[CUTTING EDGE JOURNAL OF BOOK CULTURE – ABSTRACT ART AND CONCRETE POETRY] Knižní kultura: měsíčnik pro knižní tvorbu, ediční činnost a otázky knižního trhu [Book culture: a monthly for books arts, editorial activity and questions of the book trade]. Vol. I, nos. 1–12 (1964) and vol. II, nos. 1–12 (1965). All published.

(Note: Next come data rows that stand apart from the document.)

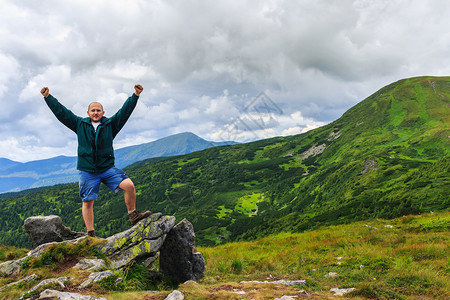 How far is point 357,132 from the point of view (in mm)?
149125

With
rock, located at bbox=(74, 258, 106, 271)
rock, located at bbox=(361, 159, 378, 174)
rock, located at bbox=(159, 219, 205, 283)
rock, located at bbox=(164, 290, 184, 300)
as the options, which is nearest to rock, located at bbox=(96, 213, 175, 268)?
rock, located at bbox=(74, 258, 106, 271)

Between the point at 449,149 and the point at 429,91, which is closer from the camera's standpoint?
the point at 449,149

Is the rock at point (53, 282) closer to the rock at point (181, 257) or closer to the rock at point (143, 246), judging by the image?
the rock at point (143, 246)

Prague: Československé ústředí knižní kultury v nakl. Orbis, 1964–1965. Small quartos (30 × 21 cm and 26 × 20 cm). Original staple-stitched pictorial wrappers; ca. 33–48 pp. per issue (consecutive pagination). Numerous illustrations, some in color. Summaries in Russian, English, French, and German. A few issues with minor wear to wrappers; overall very good. Item #53071

Complete run in twenty-four issues of this short-lived, but significant journal of book culture. Published by the patronage of the Ministry of Culture, it contained a curious combination of information about book publishing, editing, printing, literature, and the arts, but was in fact a way of devoting considerable attention to artistic and literary phenomena not otherwise covered in Czechoslovak official publications at the time. Individual issues were typically devoted to a single artist or illustrator, such as Albín Brunovský, Oldřich Hlavsa, Ota Janeček, Stanislav Kolíbal, Zdenek Seydl, Zdeněk Sklenář, Josef Šíma, Jaroslav Šváb, Jan Zrzavý, as well as Willi Baumeister, Marc Chagall, and Pablo Picasso. Crucial was the journal's lengthy focus on Karel Teige as a graphic designer (in issue 3, 1964). The editors were also interested in the relationship between literature and the visual art, and the journal's literary editor was a leading figure of Czechoslovak concrete poety, Josef Hiršal, later assisted by Jiří Kolář in the final issues.

The journal was clearly similar to another important cultural periodical of the time, Tvář: kulturní měsíčnik (The face: a cultural monthly), which also resisted the Communist party line in its exploration of aesthetically diverse and politically controversial topics, and was forced to shut down at the same time. In 1966, the Czechoslovak Center of Book Culture replaced the present journal with the more straightforwardly marxist literary journal "Impuls."

Overall graphic design by J. Kotík (1964) and M. Fulín (1965). Published with a print run of 3000 copies.

See the entry in the Dictionary of Czech Literature After 1945 (Slovník české literatury po roce 1945, online, authored by Blahoslav Dokoupil).

As of October 2024, KVK, OCLC show a handful of holdings in North America, though most appear to consist of only a few issues, and in some cases only a single issue.